İkiliklerden Kurtulmak- Fikret Çalağan*

Hiyerarşik toplumdan bu yana toplumsal tarih, devletli uygarlık ile demokratik uygarlığın mücadelesini içinde barındıran iki uygarlık çizgisinin çelişkiler, çatışmalar ve uzlaşmalarla birlikte yana yana yürüyüşünün tarihidir. Bunun güncel durumunu ise ‘kapitalist modernite’ ile ‘demokratik modernite’ olarak ele almak gerekir. Bu temelde bakıldığında tarihsel ve güncel olarak mücadelenin iki çizgi arasında yürüdüğü açıktır. Biri devletli/iktidarcı uygarlık çizgisi olurken, diğeri ise demokratik uygarlık çizgisidir. Doğal toplumdan bir sapma olan hiyerarşik toplum ve sonrasında iktidar ilişkilerinin her türlü karmaşık şekli ile gelişen kapitalizm ile birlikte toplumun tüm hücrelerine nüfuz eden devletçi/iktidarcı uygarlık çizgisi, toplum karşıtı ideolojik, politik ve kültürel bir hatta kendini örgütlemektedir.

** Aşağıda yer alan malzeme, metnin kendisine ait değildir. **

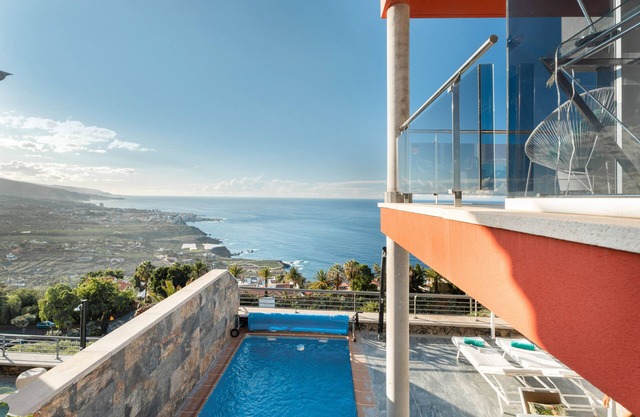 Vacation Villa 'Golden Horizon' with Sea View, Private Pool and Wi-Fi
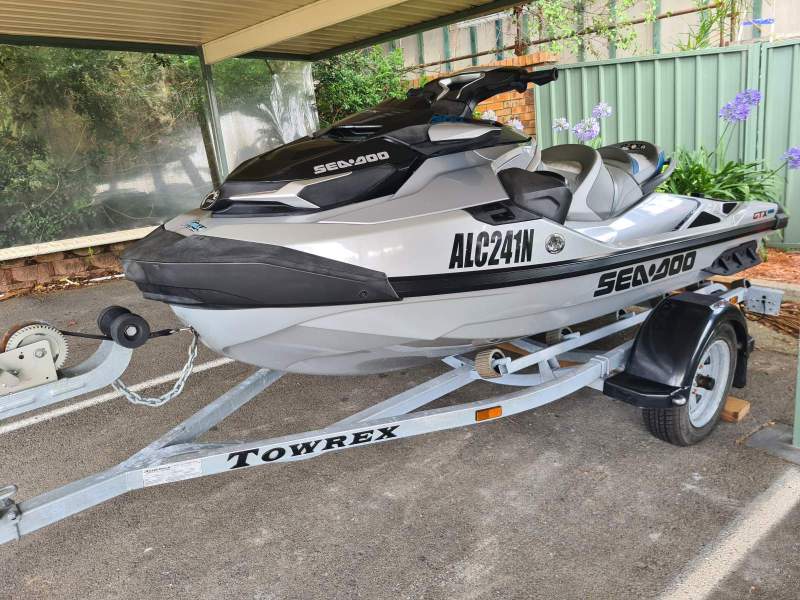 Sea-Doo GXT Limited 300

Devlet ve iktidar odaklarının toplum kırımına yönelik saldırılarına karşı, sürekli bir direnişle toplumu korumaya, demokratik uygarlığı komünal değerler çerçevesinde yeniden inşa etmeye çalışan demokratik uygarlık güçlerinin mücadelesi de ideolojik, siyasal ve kültürel bir bileşke üzerinden var olmuş ve kendini bugünlere taşımıştır. Varlığını koruma hali sürekli bir oluş haliyle sürmüştür. Oluş süreci, direnişi sürdüren demokratik uygarlık güçlerinin (kadın, etnisite, sömürüye karşı çıkan ezilen sınıflar, kültürler, ekoloji hareketleri vb.) rengini alarak, çeşitlenerek geniş ve esnek bir tarzda süreklilik kazanmıştır.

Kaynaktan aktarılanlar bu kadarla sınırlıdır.